### Work order
Beginning at the line containing "Marché Richelieu COQUILLE-REPAS", repeat each line below exactly up to and including the line containing "Jaguar: Classic Gold". Do not repeat the pictures.

### Data supplied

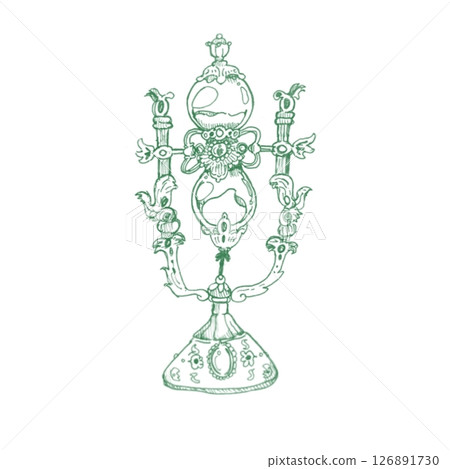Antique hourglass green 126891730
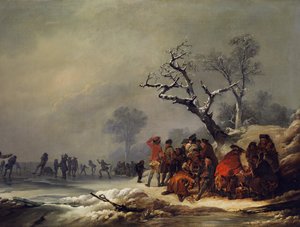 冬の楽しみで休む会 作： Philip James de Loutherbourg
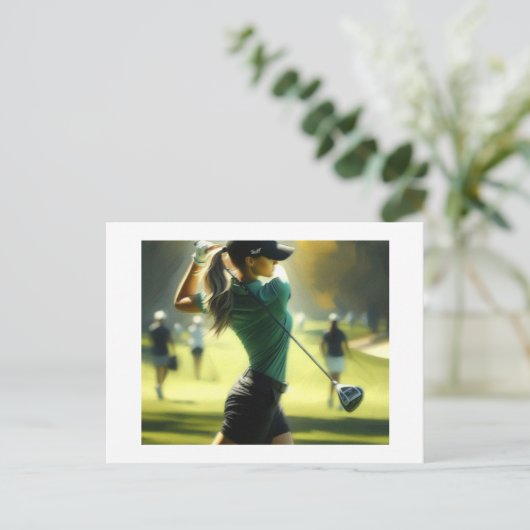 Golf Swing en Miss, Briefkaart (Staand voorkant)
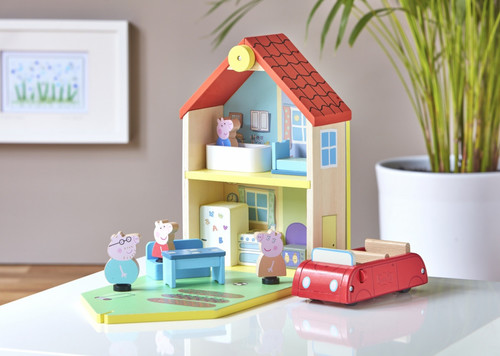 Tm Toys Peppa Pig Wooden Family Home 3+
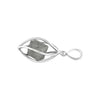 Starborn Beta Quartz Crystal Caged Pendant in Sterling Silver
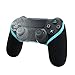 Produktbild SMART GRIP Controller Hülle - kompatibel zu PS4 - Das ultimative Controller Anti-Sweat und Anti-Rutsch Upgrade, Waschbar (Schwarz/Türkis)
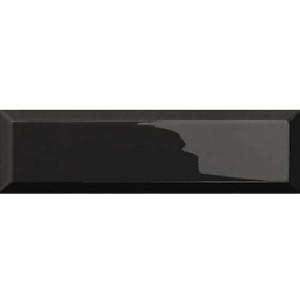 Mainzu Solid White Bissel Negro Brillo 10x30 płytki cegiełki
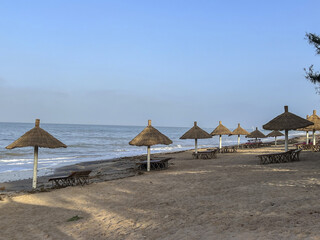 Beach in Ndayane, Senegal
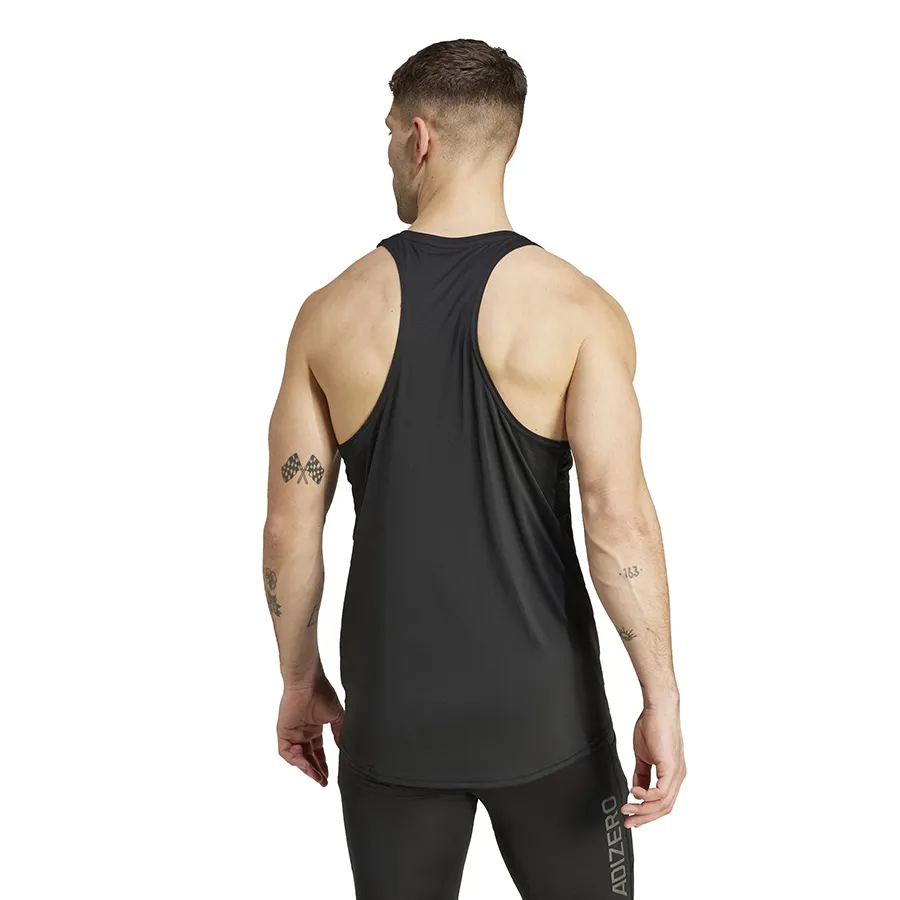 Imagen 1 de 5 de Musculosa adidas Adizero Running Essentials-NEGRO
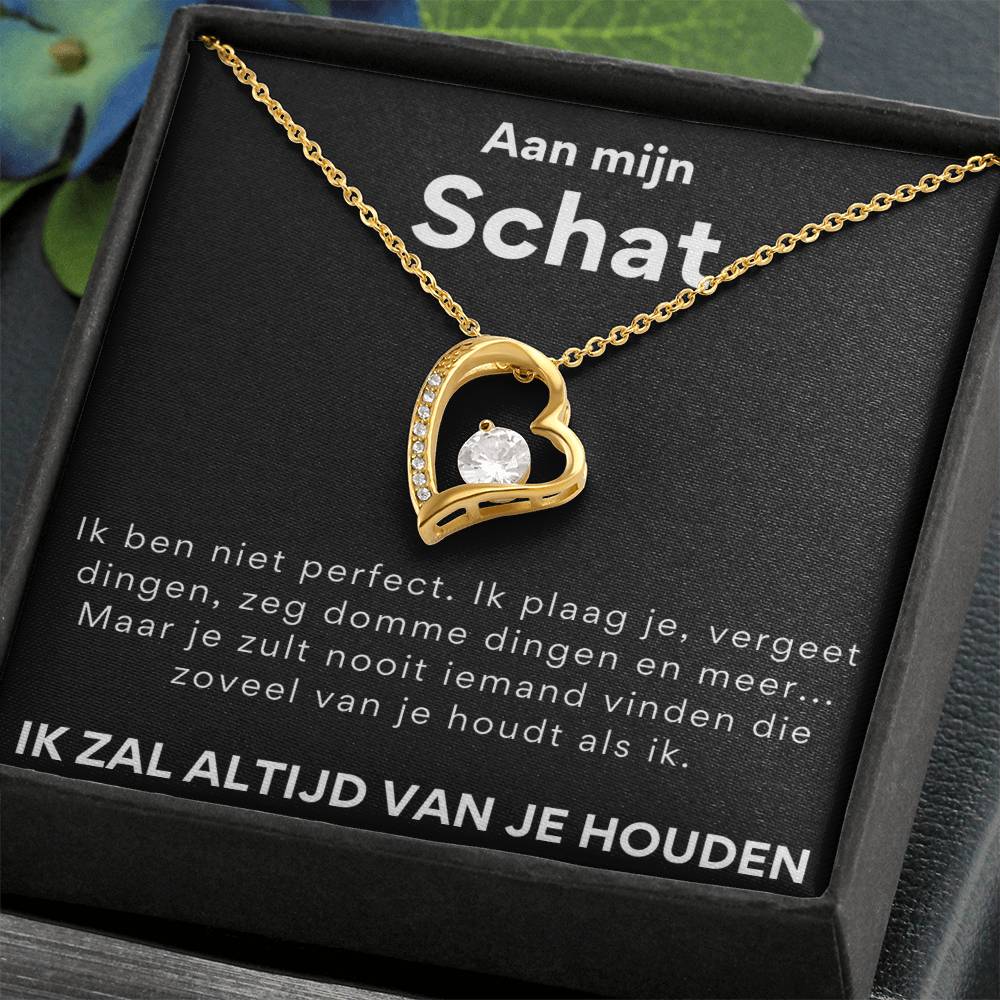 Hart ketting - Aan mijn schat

--

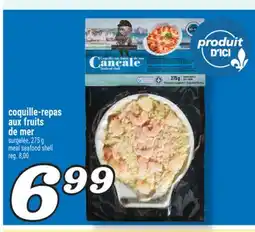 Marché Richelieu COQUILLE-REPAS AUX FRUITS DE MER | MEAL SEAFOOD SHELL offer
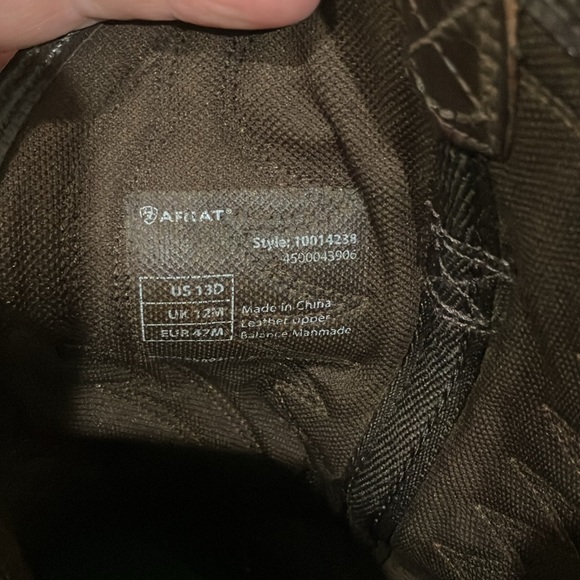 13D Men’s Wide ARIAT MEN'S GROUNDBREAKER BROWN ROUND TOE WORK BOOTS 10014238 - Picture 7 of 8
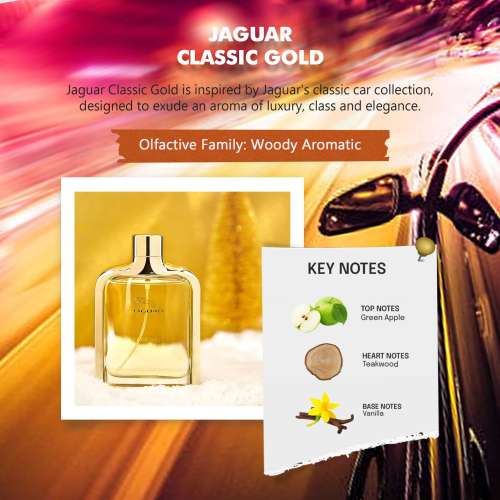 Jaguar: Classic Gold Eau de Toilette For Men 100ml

### Completed exercise
 Marché Richelieu COQUILLE-REPAS AUX FRUITS DE MER | MEAL SEAFOOD SHELL offer
 13D Men’s Wide ARIAT MEN'S GROUNDBREAKER BROWN ROUND TOE WORK BOOTS 10014238 - Picture 7 of 8
 Jaguar: Classic Gold Eau de Toilette For Men 100ml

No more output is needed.